QUOTE (kenny @ Aug 21 2023, 02:03 PM)
And the Soviet moon landings had a lot more than 1 failure, and a lot more than 5 attempts (if that is what "trials" means).
You're quite right. The supplement notes
Data in this section are drawn from a variety of sources, principally Wilson (1987), Ball et al. (2006) and
Harland and Lorenz (2006) together with contemporary internet sources (Wikipedia entries for Soyuz,
Falcon 9, Luna Program, Cromwell's Rule, downloaded November 2018). Various judgements are made
regarding the accounting of specific examples which could lead to small adjustments in estimated
probabilities. The principal message, that probabilities of success are not (and are sometimes far from)

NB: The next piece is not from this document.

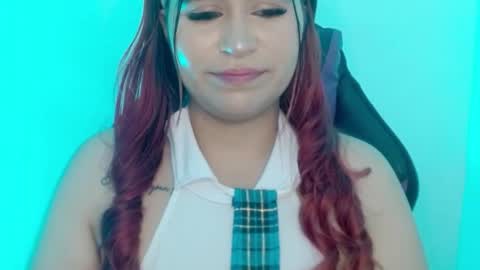 cozy_kitty online show from May 9, 2026, 3:23 am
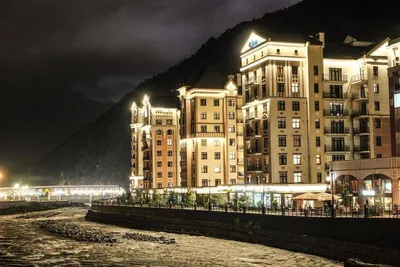 AZIMUT Park Hotel Freestyle Rosa Khutor (AZIMUT Парк Отель Фристайл Роза  Хутор ) - Эстосадок, наб. Полянка, д. 4 : цены 2023, фото и отзывы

unity, is robust to the subjective component of these assessments
.....
.....
The Soviet lunar exploration program featured 2 successful semi‐hard landings (Luna‐9 and ‐13), two
successful landers with Lunokhod rovers (Luna‐17 and ‐21) and one rover that failed to depart Earth.

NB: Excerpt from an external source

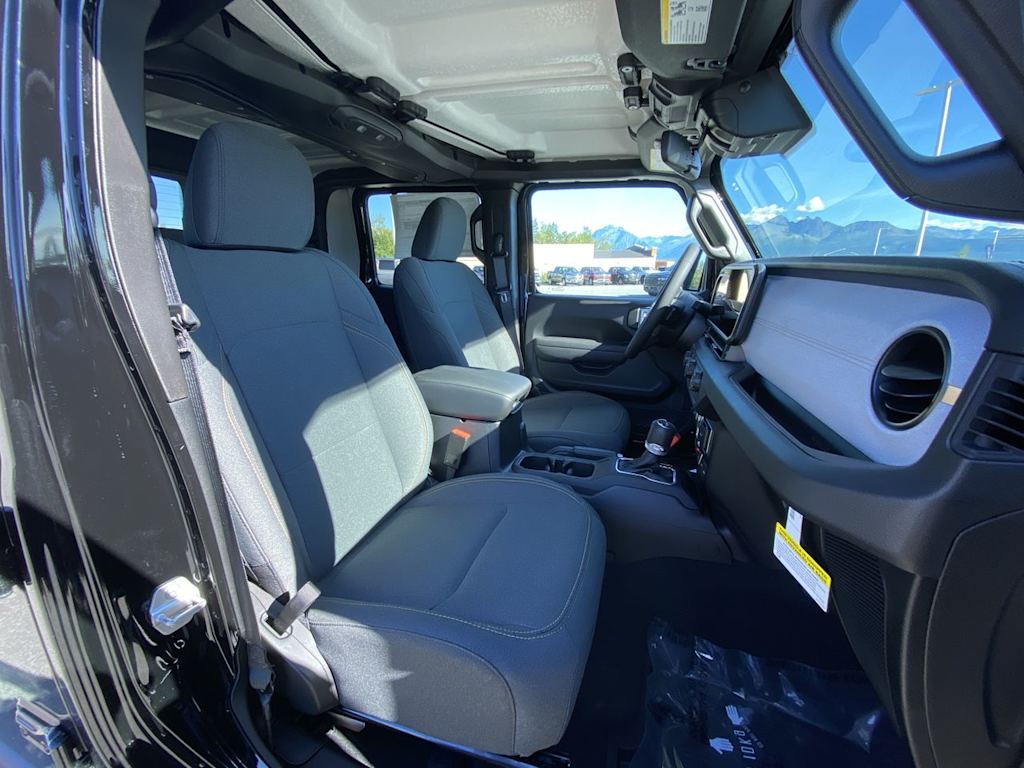 Thumbnail: 2025 Jeep Gladiator - 11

This set of 4 successful landers yields PL~0.83, although adding sample return landers to the set brings
this probability rather lower. Soviet Mars landing attempts Mars‐2, ‐3, ‐6 and ‐7 yielded only 20
seconds of transmission from the surface from Mars‐3 – depending whether that is considered a success
or not, we have 0.17<PL<0.33, although factors contributing to this particularly dismaying performance
were known at the time (e.g. Perminov, 1999).

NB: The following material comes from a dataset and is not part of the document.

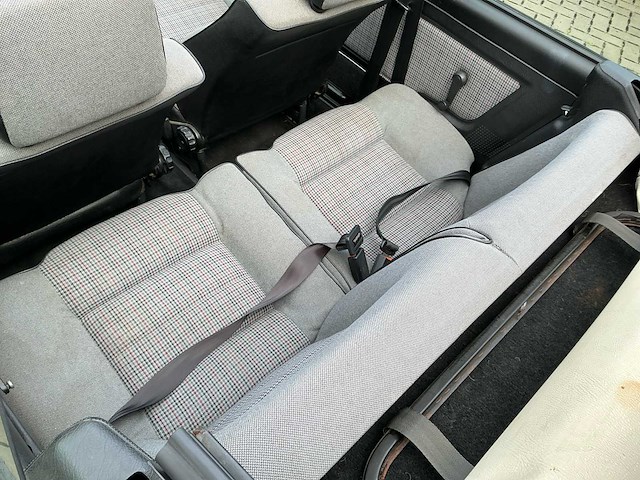 Volkswagen golf i cabrio oldtimer - afbeelding 55 van  81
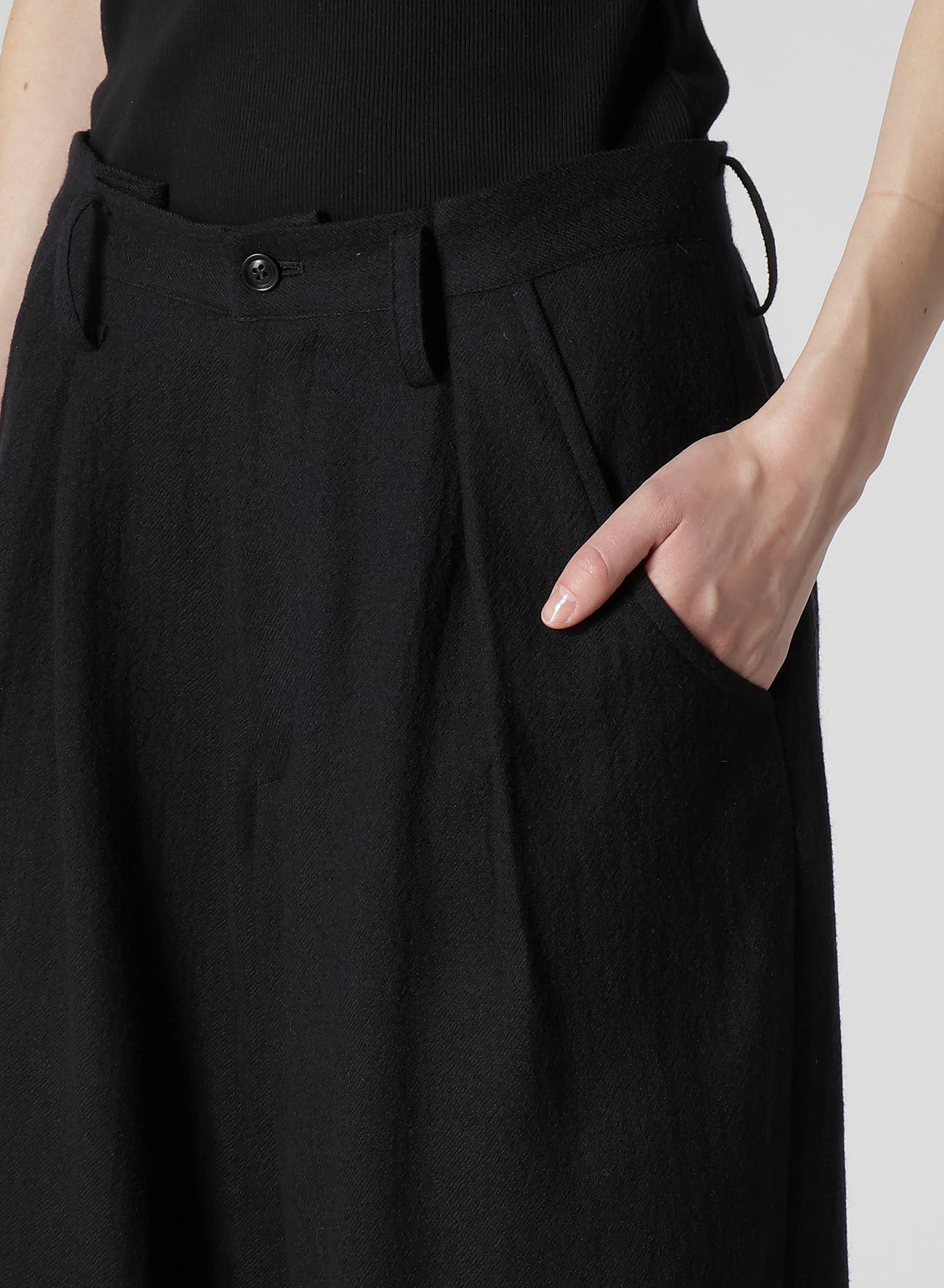 WOOL GAUZE TWILL TUCK WIDE PANTS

I forget why I excluded the sample return landers. Note that missions lost on launch would have been rolled up
into the launch success number (i.e. PL is conditional on getting delivered to a landing trajectory, although I
forget why I included Lunokhod-0....) Anyway, I maintain the remark above, that the overall conclusion (that
loss probability on landing attempts is ten to tens of per cent, and not just a few per cent as the Challenger-like
risk assessments always seem to say) is robust...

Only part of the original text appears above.